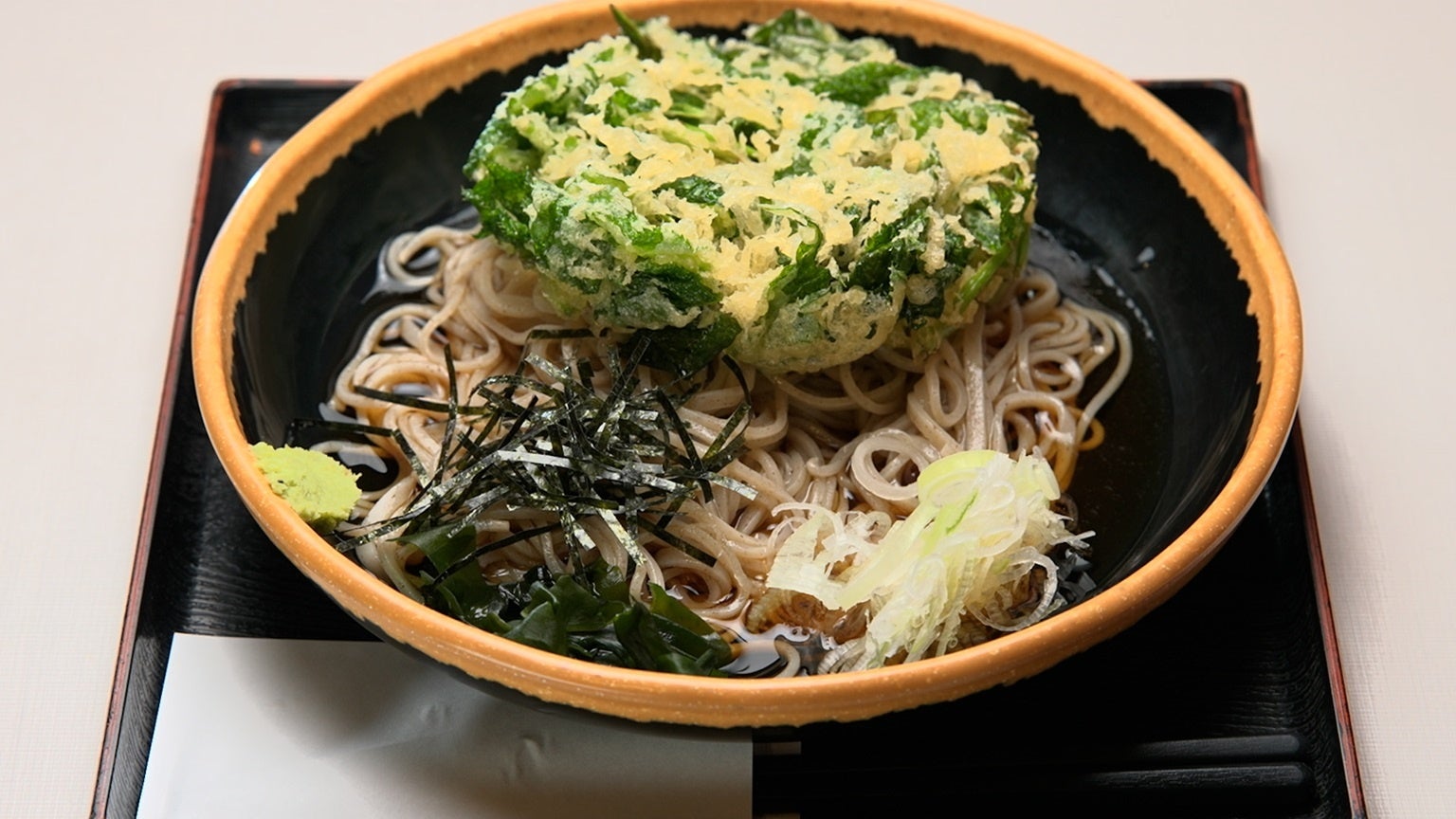 【ＢＳ日テレ】元プロボクサーの店長が作る水加減にこだわった二八そば　ドランク塚地「サクサク感が半端ない！バルス唱えたみたいにバラバラと落ちていく」 名物明日葉天にKO寸前！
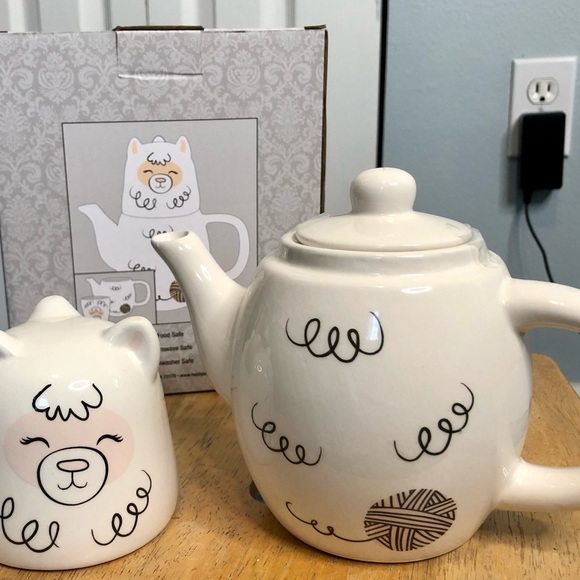 Alpaca 2 piece teapot and cup set. - Picture 3 of 4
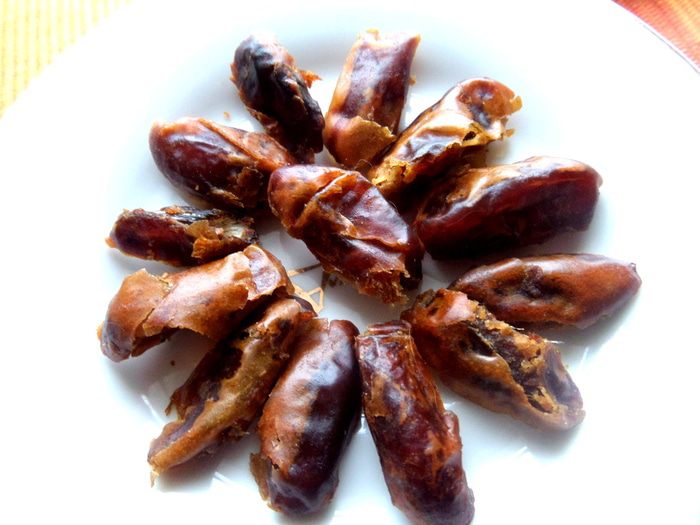 Шоколадные пирожные с фруктами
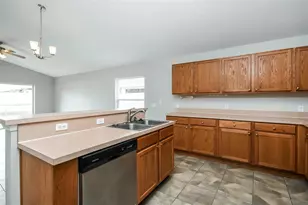 305 Weatherby Pl, Haines City, FL 33844 - Photo 5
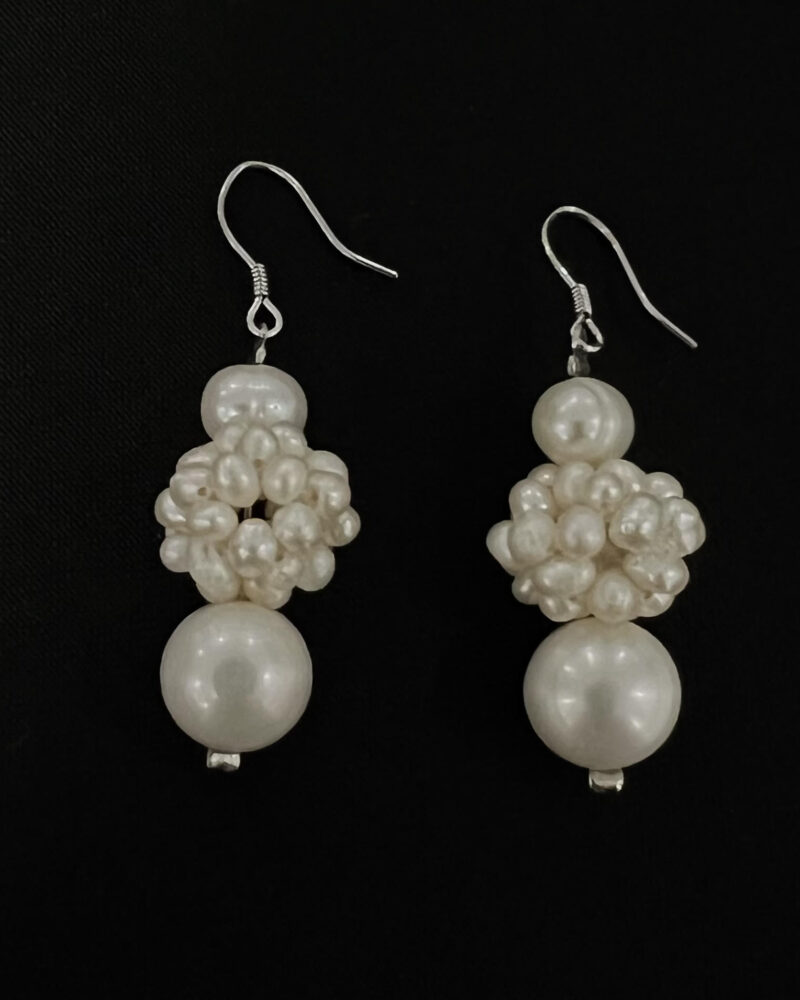 Arete gancho plata 9.25 y perlas cultivadas forma circular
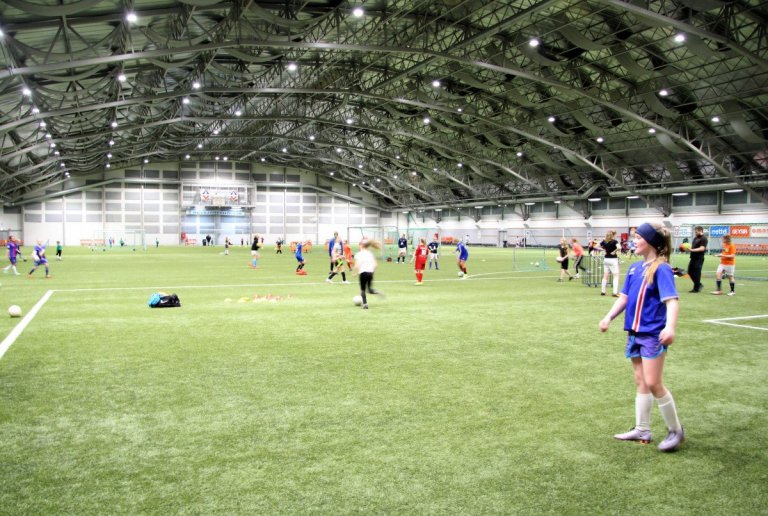 Æfing í Reykjaneshöll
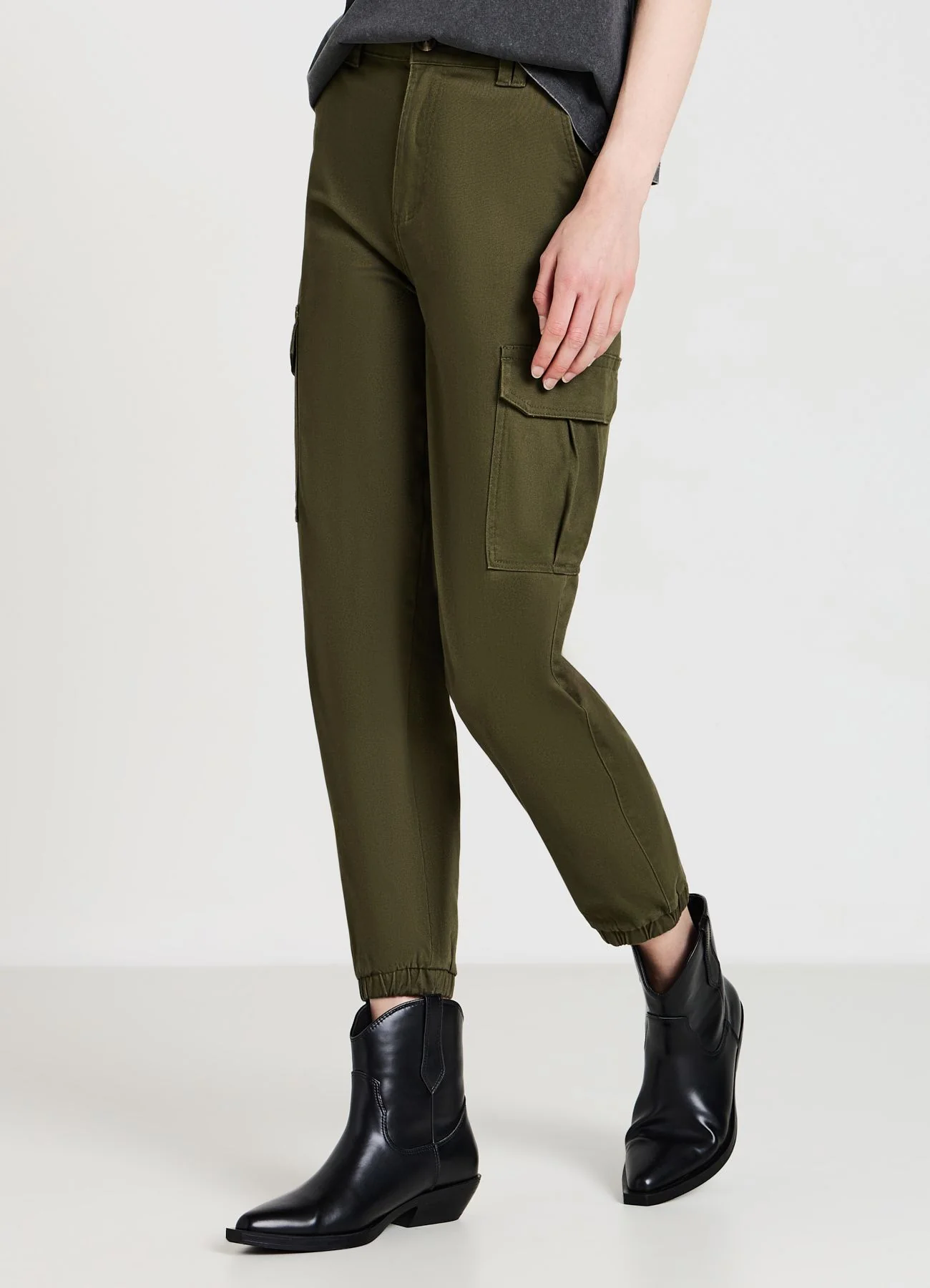 Pantaloni cargo in cotone - Image 3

§

* **PROBLEM DESCRIPTION**
Restate the whole listing above exactly, please, omitting every image.

* **RESPONSE AREA**
 【ＢＳ日テレ】元プロボクサーの店長が作る水加減にこだわった二八そば　ドランク塚地「サクサク感が半端ない！バルス唱えたみたいにバラバラと落ちていく」 名物明日葉天にKO寸前！
 Alpaca 2 piece teapot and cup set. - Picture 3 of 4
 Шоколадные пирожные с фруктами
 305 Weatherby Pl, Haines City, FL 33844 - Photo 5
 Arete gancho plata 9.25 y perlas cultivadas forma circular
 Æfing í Reykjaneshöll
 Pantaloni cargo in cotone - Image 3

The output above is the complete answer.